W. B. Moss' wound proved to be a serious one, as he lay for weeks before he was able to get around. The bullet was never extracted from his body. The Texans recovered the stolen horses by the Indians.
In September, 1877, Mr. Moss was married to Miss Delia Johnson, daughter of Capt. A. J. and Martha Johnson. The following .sons and daughters were reared in this home: Zella, bookkeeper and cashier of the Moss Mercantile Company of Llano ; Matthew, president of the Llano National Bank; Edgar, a well known and prosperous stockman of Llano county; J. Ray, manager of the Moss Mercantile Company, Llano ; Mrs.
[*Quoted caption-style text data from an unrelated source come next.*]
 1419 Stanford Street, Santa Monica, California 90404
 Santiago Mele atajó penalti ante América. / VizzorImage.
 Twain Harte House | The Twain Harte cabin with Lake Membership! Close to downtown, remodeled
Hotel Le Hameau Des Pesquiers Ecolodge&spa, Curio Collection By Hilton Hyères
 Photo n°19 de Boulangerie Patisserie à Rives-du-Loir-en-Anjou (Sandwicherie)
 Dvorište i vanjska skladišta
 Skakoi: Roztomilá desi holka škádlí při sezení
J. B. Gage, Austin ; Inez, teacher in Dallas; W. R., engaged in oil business at Rockdale ; A. J., deceased; Mary, a student in the School of Arts in Chicago ; Otilla, an exteacher, now with her father in Llano ; Richard Olney, assistant cashier of the Llano National Bank.
Mr. Moss by habits of industry and thrift rose from cowboy to cattle king. He bought ranch property in Legion Valley, Llano county, amounting to 8,000 acres of land. He was one of the pioneers of this section in raising Durham cattle. Some years ago he moved from the ranch to Llano. His faithful companion, who shared with him the hardships and privations incident to an earlier day in Texas, passed peacefully to rest December 3, 1918.